There are a number of different types of distributions that can be used with ordinal data.
For this example, we are toing to be using visual Microcystis scores collected from various IEP surveys.
Flynn, T., P. Lehman, S. Lesmeister, and S. Waller. 2022. A Visual Scale for Microcystis Bloom Severity. figshare Figure. doi:https://doi.org/10.6084/m9.figshare.19239882.v1
In this case, the cummulative distribution is probably what we want, since “low”, “medium”, and “high” are mutually exclusive.
Now let’s get the data. We can use Sam B’s fantastic integrated water quality dataset to automatically download all the survyes the collect Microcystis observations. We’ll just do the past five years of data, and limit it to observations in summer and fall, when microcystis is most common.

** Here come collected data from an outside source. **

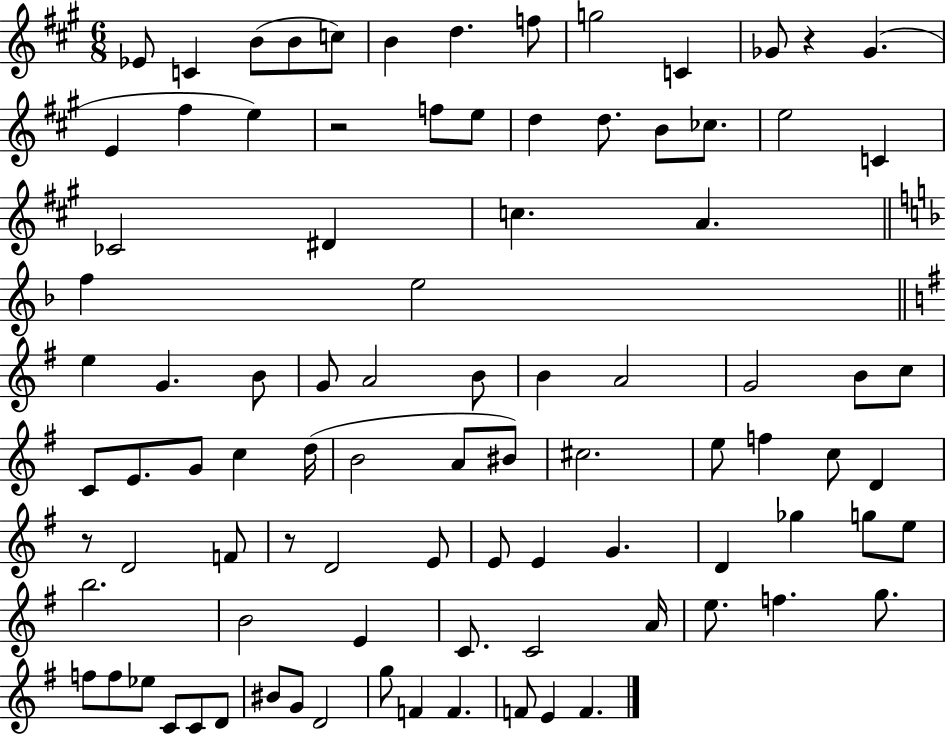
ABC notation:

X:1
T:Untitled
M:6/8
L:1/4
K:A
_E/2 C B/2 B/2 c/2 B d f/2 g2 C _G/2 z _G E ^f e z2 f/2 e/2 d d/2 B/2 _c/2 e2 C _C2 ^D c A f e2 e G B/2 G/2 A2 B/2 B A2 G2 B/2 c/2 C/2 E/2 G/2 c d/4 B2 A/2 ^B/2 ^c2 e/2 f c/2 D z/2 D2 F/2 z/2 D2 E/2 E/2 E G D _g g/2 e/2 b2 B2 E C/2 C2 A/4 e/2 f g/2 f/2 f/2 _e/2 C/2 C/2 D/2 ^B/2 G/2 D2 g/2 F F F/2 E F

WQ = wq(Sources = c("FMWT", "STN", "EMP"), Start_year = 2015, End_year = 2021) %>%
dplyr::select(Source, Station, Latitude, Longitude, Date, Depth, Microcystis,
Secchi, Temperature, Salinity, Conductivity, Month, Season) %>%
filter(!is.na(Microcystis), Season %in% c("Summer", "Fall"))
View(WQ)
ggplot(WQ, aes(x = as.factor(Microcystis), y = Temperature)) + geom_boxplot()
## Warning: Removed 9 rows containing non-finite values (stat_boxplot).
Cool! So it looks as though there is probably a trend between Microcystis observations and water temperature. However, there is some ammount of variation in how people judge microcystis levels. Let’s convert from 5 categories to 3 categories, to try and reduce variability.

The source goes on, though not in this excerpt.